Copy out each line of the entries where the word "Ford" is present.

*MATERIAL FOR THIS TASK*.
=======

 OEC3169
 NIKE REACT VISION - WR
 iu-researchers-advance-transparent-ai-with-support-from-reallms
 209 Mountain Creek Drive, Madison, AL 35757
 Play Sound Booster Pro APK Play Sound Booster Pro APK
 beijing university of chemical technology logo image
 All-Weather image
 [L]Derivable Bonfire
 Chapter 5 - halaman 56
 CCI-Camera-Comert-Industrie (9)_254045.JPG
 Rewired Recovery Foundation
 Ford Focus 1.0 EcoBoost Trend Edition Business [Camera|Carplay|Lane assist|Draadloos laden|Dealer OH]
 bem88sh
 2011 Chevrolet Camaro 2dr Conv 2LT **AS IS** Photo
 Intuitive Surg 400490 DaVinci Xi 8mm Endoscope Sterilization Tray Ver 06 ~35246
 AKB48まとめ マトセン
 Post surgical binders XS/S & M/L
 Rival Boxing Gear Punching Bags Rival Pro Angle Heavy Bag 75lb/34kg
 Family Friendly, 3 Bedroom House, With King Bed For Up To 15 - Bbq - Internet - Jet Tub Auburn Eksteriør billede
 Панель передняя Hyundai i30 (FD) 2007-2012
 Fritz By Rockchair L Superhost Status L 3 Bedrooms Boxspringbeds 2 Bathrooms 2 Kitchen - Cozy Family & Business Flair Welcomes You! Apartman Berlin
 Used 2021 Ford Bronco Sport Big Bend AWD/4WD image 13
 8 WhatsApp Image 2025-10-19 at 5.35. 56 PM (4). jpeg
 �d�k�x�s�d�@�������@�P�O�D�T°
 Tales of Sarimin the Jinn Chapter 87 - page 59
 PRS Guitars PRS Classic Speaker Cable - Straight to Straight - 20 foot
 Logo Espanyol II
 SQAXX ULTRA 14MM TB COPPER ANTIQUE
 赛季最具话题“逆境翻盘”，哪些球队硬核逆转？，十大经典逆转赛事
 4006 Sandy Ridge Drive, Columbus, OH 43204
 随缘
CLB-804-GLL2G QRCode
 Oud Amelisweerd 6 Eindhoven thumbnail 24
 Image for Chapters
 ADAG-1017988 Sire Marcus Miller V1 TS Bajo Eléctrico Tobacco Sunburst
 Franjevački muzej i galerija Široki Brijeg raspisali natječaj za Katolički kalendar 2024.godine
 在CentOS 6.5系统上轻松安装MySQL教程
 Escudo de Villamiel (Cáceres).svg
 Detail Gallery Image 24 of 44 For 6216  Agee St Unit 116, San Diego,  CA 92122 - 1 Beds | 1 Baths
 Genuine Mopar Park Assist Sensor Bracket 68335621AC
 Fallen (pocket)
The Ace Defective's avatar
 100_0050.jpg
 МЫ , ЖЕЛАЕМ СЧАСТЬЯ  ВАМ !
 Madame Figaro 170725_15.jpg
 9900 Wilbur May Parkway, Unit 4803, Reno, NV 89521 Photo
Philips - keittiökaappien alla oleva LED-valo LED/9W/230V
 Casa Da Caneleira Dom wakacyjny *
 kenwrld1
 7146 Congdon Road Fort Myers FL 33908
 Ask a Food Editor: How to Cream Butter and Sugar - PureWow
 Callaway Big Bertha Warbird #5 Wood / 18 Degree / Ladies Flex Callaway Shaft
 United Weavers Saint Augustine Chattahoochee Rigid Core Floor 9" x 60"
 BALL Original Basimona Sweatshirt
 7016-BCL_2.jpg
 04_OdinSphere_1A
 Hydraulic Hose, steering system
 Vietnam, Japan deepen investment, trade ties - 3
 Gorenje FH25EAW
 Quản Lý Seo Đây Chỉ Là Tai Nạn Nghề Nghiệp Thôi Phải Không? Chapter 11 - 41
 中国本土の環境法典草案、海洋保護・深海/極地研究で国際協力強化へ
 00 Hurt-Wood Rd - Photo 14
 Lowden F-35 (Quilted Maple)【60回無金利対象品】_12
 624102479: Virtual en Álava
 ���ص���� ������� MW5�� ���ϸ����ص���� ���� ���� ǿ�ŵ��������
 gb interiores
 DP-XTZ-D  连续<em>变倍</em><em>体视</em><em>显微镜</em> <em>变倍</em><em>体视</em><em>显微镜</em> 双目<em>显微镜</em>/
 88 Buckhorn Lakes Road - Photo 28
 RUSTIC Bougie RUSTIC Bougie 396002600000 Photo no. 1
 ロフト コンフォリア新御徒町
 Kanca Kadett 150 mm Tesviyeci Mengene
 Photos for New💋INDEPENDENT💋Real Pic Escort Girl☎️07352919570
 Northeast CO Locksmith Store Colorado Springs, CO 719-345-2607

=======

*RESPONSE AREA*.
 Ford Focus 1.0 EcoBoost Trend Edition Business [Camera|Carplay|Lane assist|Draadloos laden|Dealer OH]
 Used 2021 Ford Bronco Sport Big Bend AWD/4WD image 13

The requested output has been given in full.